Il ne me restait plus que la solution d’aller les rechercher moi-même dans les établissements pour handicapés, où j’étais sûr d’en retrouver. Mais cela m’était impossible lorsque j’étais en activité.

Dès ma retraite, j’ai entrepris ce travail. Les premiers retrouvés étaient tous de grands débiles. Ce qui s’expliquait étant donné la catégorie des établissements prospectés ! Mon travail ne pouvait avoir de valeur que si je retrouvais la totalité des individus d’un groupe donné, sans ce tri artificiel.

Parmi mes fœtopathies, j’ai donc établi la liste de tous ceux qui avaient atteint 18 ans et qui étaient nés en Loire Atlantique (pour avoir des chances de les retrouver), en notant avec soin nom, prénom, lieu et date de naissance (de façon à éliminer des homonymes, ce qui m’est arrivé 3 fois). Puis j’ai entrepris de les retrouver tous, donc de prospecter dans le département de Loire-Atlantique et quelques zones limitrophes, tous les établissements hébergeant ou employant des handicapés, et les organismes chargés de les placer (en tout une centaine d’établissements).
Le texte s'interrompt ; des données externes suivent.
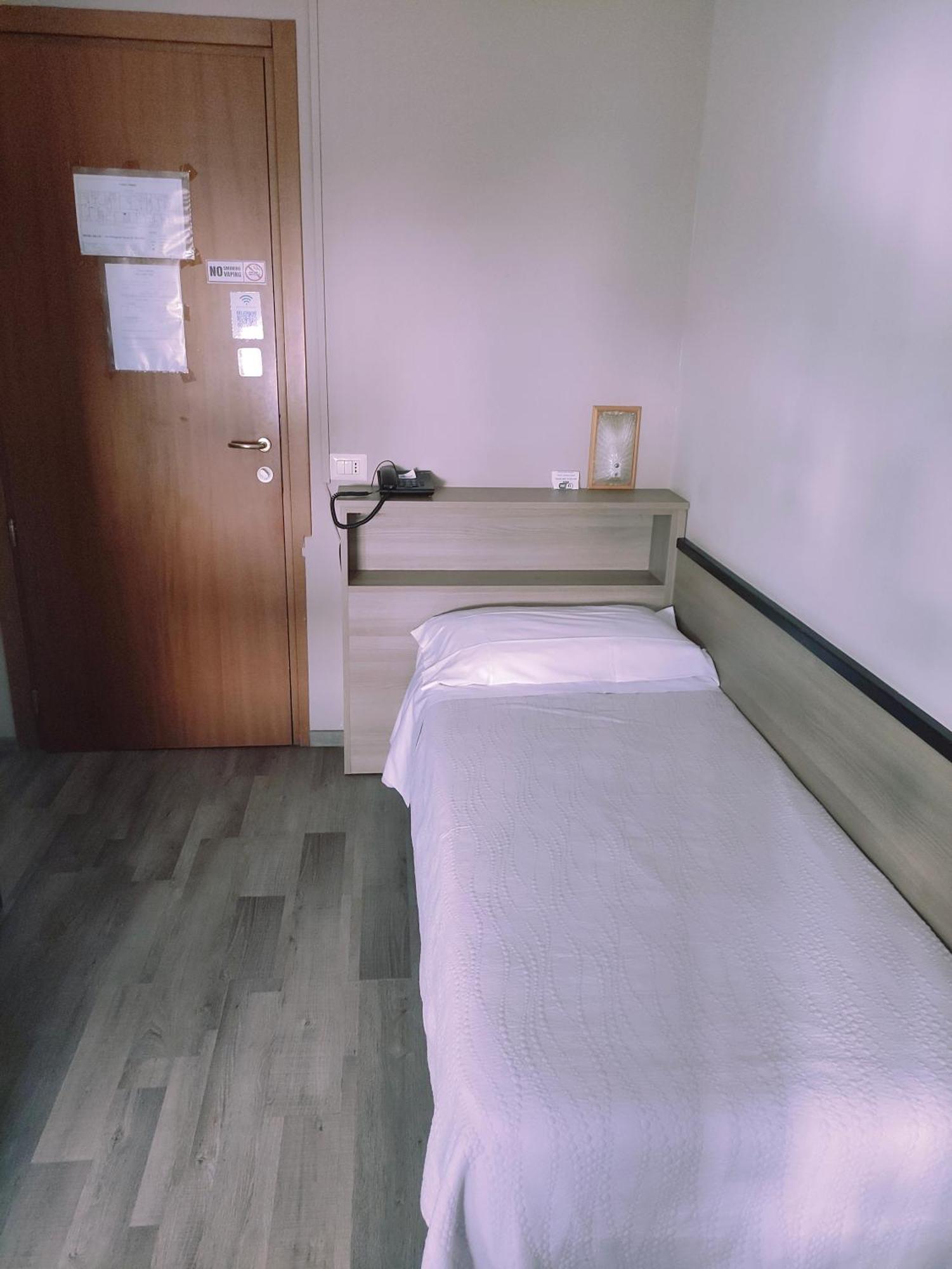 Hotel Salus มิลาน ภายนอก รูปภาพ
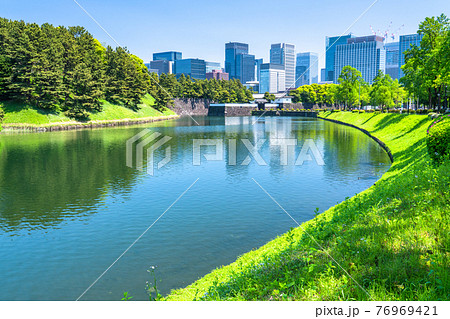 《東京都》丸の内オフィス街・新緑の桜田濠 《東京都》丸の内オフィス街・新緑の桜田濠 76969421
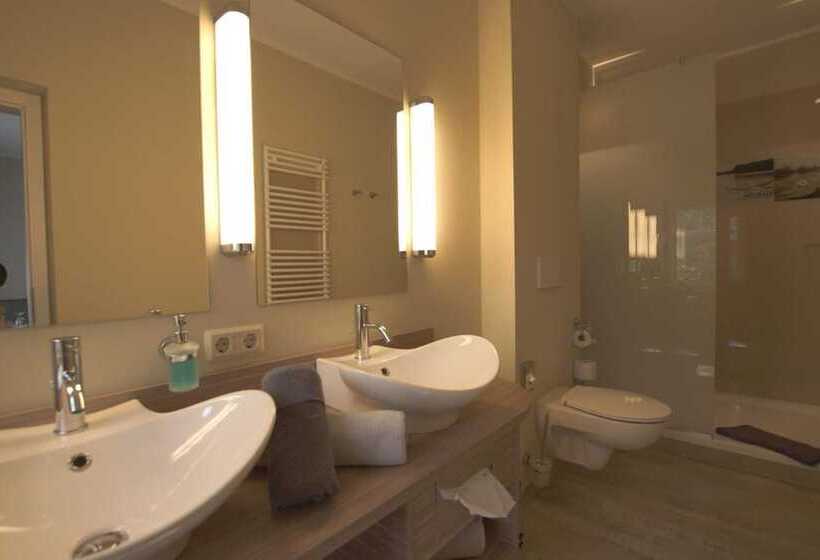 Номер Стандарт Вид на Озеро, Am Untersee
Il ne s’agissait pas de quelques mois de travail que j’avais prévus au départ, mais des années avec des centaines de lettres et coups de téléphone, et des milliers de kilomètres parcourus ! J’ai réussi : totalement pour les 50 fœtopathies les plus graves, car j’ai toujours été très bien reçu par les directeurs et médecins de ces établissements. Il me manquait 2 individus pour lesquels je suis allé à l’état civil de leur lieu de naissance : l’un à Saint-Nazaire où j’ai su qu’il était décédé en bas âge, l’autre à Nantes où j’ai su qu’il était en vie, mais il s’agit d’un gitan donc bien difficile à retrouver !

J’ai réussi aux 2/3 pour les autres, car j’ai été bloqué par deux organismes très importants, qui auraient dû être tout particulièrement intéressés par mon travail, mais qui m’ont absolument refusé de me montrer les dossiers, se retranchant derrière le secret professionnel : ils n’avaient bien sûr pas le droit de me révéler le diagnostic que j’avais posé moi-même il y a 20 ans !

Sur 105 fœtopathies retrouvées à l’âge adulte :

  • la dysmorphie faciale s’est modifiée, avec souvent, à l’inverse des nourrissons, grand nez et gros menton ;
  • l’hypotrophie staturale et surtout pondérale s’est atténuée ;
  • la microcéphalie persiste importante entre – 2 et – 6 E.T ;
  • ce qui explique la persistance du déficit intellectuel, et des troubles du comportement.

Et ce qui m’a frappé et inquiété, c’est que 14 descendants de mères alcooliques, qui avaient été considérés comme normaux à la naissance, car sans dysmorphie faciale, ont été retrouvés adultes : or ils avaient les mêmes troubles psychiques et caractériels, et une légère microcéphalie à -1 ou – 2 E.T. Aucun n’atteignait le PC moyen.